[Entries provided]
▶

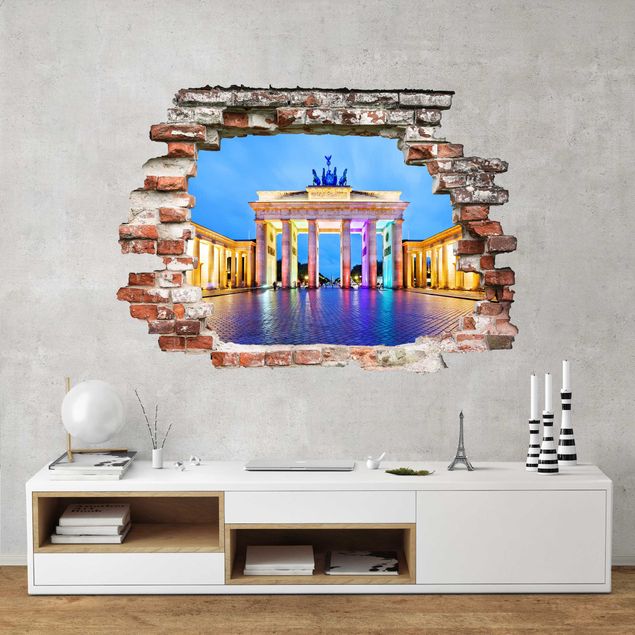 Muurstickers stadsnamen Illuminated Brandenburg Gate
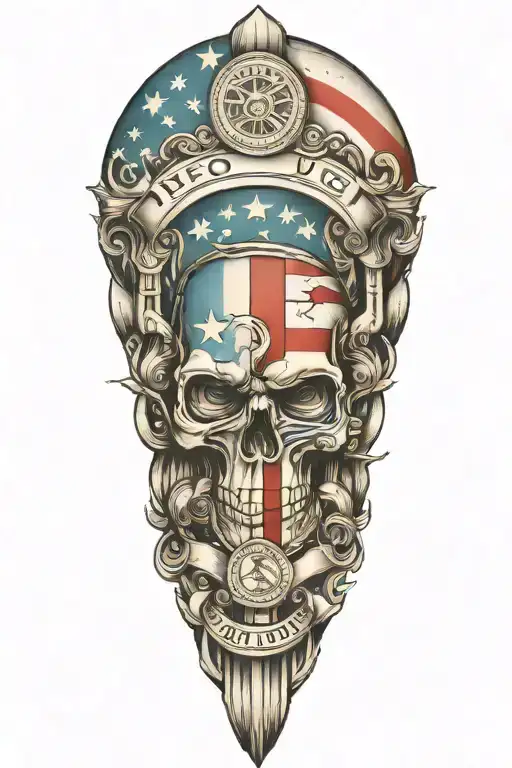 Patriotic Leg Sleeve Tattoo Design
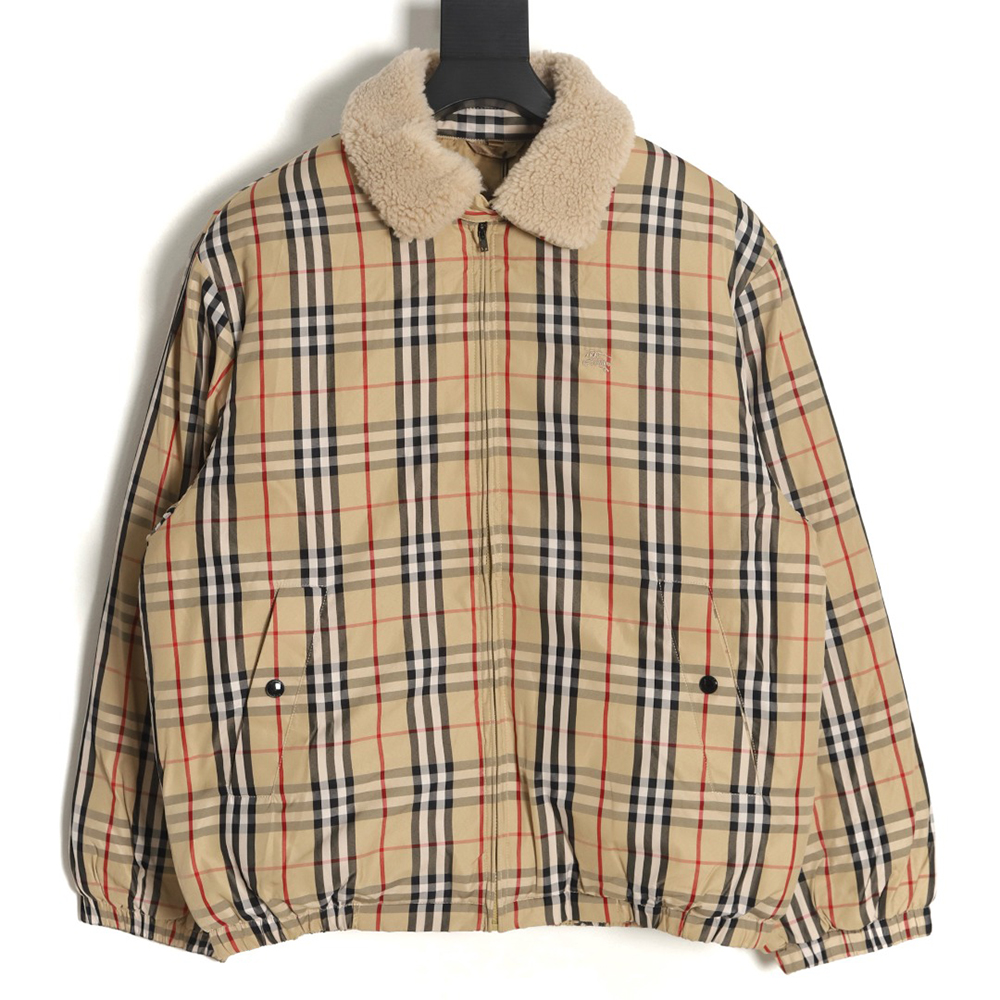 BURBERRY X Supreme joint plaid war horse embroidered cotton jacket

◀
▶

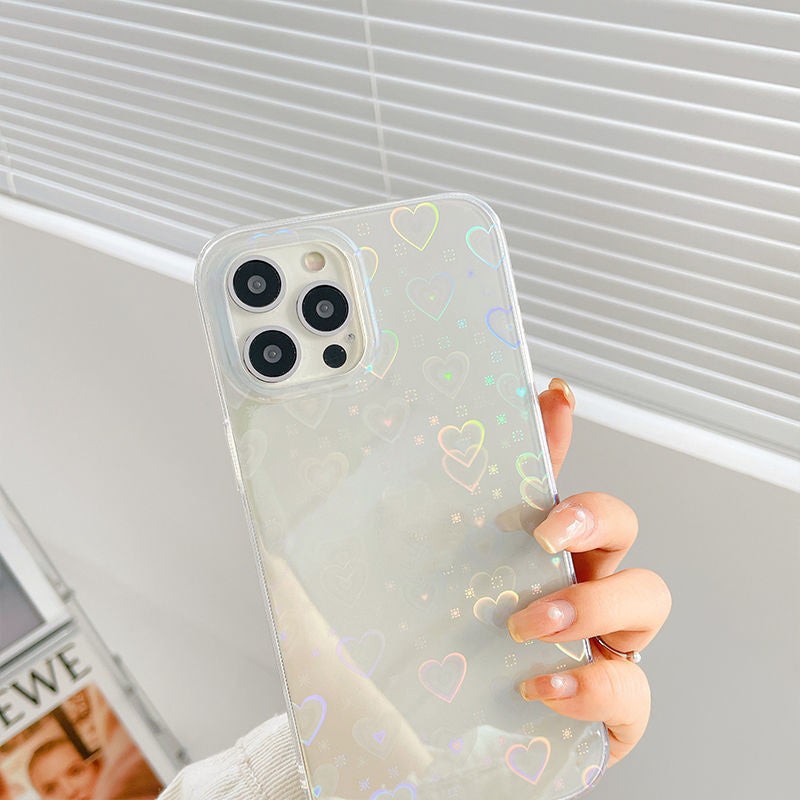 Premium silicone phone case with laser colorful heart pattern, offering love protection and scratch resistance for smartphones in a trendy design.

◀
▶

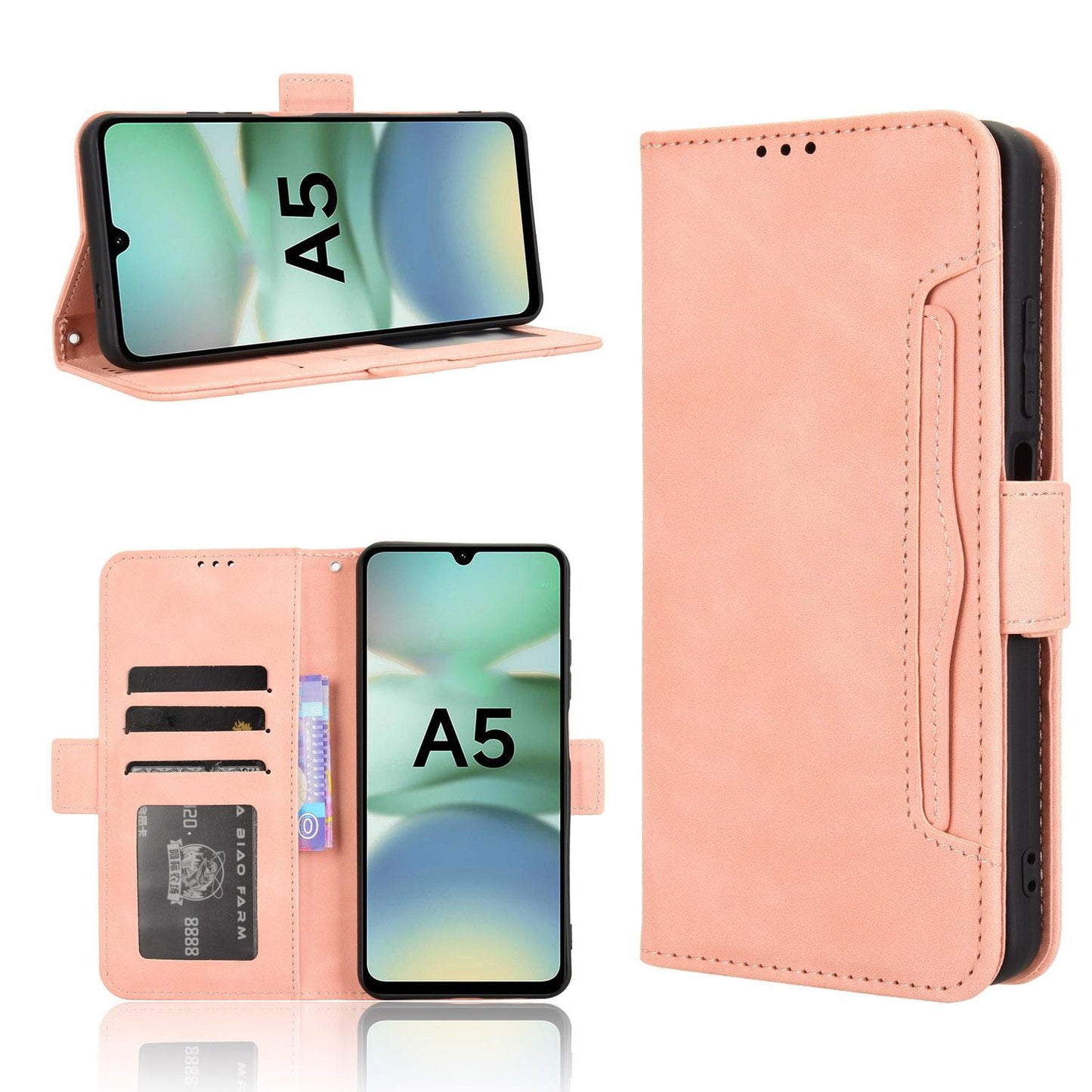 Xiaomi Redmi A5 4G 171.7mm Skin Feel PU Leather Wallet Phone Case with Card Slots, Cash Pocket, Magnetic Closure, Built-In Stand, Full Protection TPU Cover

◀

[Exercise aim] When copying from the data above, print only the lines from the line containing "Muurstickers stadsnamen Illuminated" to the line containing "BURBERRY X Supreme", exactly, and leave the pictures out.

[The answer]
 Muurstickers stadsnamen Illuminated Brandenburg Gate
 Patriotic Leg Sleeve Tattoo Design
 BURBERRY X Supreme joint plaid war horse embroidered cotton jacket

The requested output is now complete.